In 2020, the author Christopher Caldwell changed the conversation with his book The Age of Entitlement: America Since the Sixties. The book argued that the civil-rights regime established in the 1960s marked a fundamental departure from America’s constitutional tradition. Though launched with the noble intention of stopping racial discrimination, Caldwell argued, the Civil Rights Act—and the bureaucracy it spawned—gradually consumed core American freedoms and became a vehicle for entrenching left-wing racialist ideology throughout American institutions.
In the decades that followed, the right’s response was marked by ambivalence. Some libertarians called for repealing the Civil Rights Act, but—like many libertarian proposals—this was never a political possibility, given the Act’s broad public support. The establishment right, meanwhile, largely suppressed its private misgivings.
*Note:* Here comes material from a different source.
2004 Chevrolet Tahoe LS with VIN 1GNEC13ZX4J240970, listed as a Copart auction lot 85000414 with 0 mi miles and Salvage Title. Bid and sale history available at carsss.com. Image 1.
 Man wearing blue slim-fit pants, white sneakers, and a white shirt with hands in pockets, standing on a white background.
Republicans repeatedly voted to expand the civil-rights regime, further embedding dubious concepts like disparate impact theory (the idea that discrimination can occur even inadvertently) into law.
Now, all of this has changed. After mounting a successful fight against DEI, the political right has come to accept that if there must be a civil-rights regime, it should be one of its own making. Rather than continue to defer to left-wing interpretations of civil-rights law, the right can now advance a framework grounded in color-blind equality, not racialist ideology.